Photograph by Thomas Struth

Alte Pinakothek (Self-Portrait) is a color photograph by German photographer Thomas Struth, from 2000. It depicts the 1500 Self-Portrait by German Renaissance painter Albrecht Dürer in the wall where it hangs in the Alte Pinakothek, in Munich, Germany, while it is being observed by a viewer, which is the photographer himself. The subtitle of the photograph thus has a double meaning, referring both to Dürer's portrait and to the artists presence. It had a 10 prints edition.

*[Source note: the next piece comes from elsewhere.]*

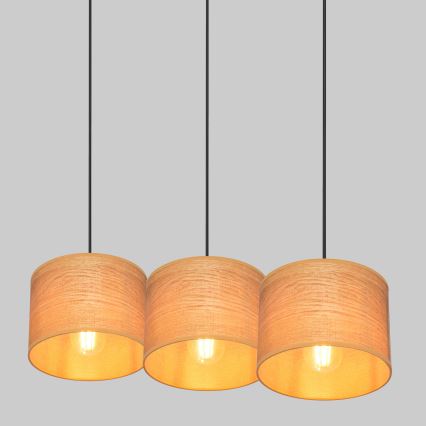 Suspension filaire ALBA 3xE27/15W/230V marron/noir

==History and description==
Struth started a long series dedicated to museums and monuments around the world, with their visitors, in 1989. In this case, unlike most of his work, he pays particularly attention to a specific work of art, while it is under observation by a single viewer, which is Struth himself. Its the only presence of the photographer in the entire series, even if he appears here anonymously and only partially visible.

Dürer's Self-Portrait is the focus of the composition, in a similar way to the visitors in his Museum Photographs series, while the single viewer is relegated to a secondary role. Struth is depicted slightly out of focus, looking from the right side, while the main focus is the painting itself. It seems like a tribute to the self-portrait of a leading name in the history of German art. Struth, simbolically assumes a secondary place, while he lets the painting speak by itself, unlike in most of the series.

Struth explained his purpose in doing the photograph: "It’s a kind of playful game with the meaning of self-portrait. In this case, it’s a conversation — not only with myself, but with the world of art, and an artist who, like me, is German. Of course, you can’t say the Germany of the 1500s is the same Germany as it is today — but I felt that we came from the same cultural foundation; it was a sort of meeting of spirits."

Ann Goldstein stated: "By collapsing his self-portrait into a museum photograph, he makes a powerful statement about his approach to viewing and being viewed, ultimately focusing on the relationship of the artist to his work. As a self-portrait, it is a portrait of self-reflection.”

==Art market==
A print of the photograph was sold by $810.128 at Phillips on 28 February 2008.

==Public collections==
There are prints of this photograph at the Pinakothek der Moderne, Munich, the Museo Nacional Centro de Arte Reina Sofía, in Madrid, the National Gallery of Art, in Washington, D.C., and at the Vancouver Art Gallery.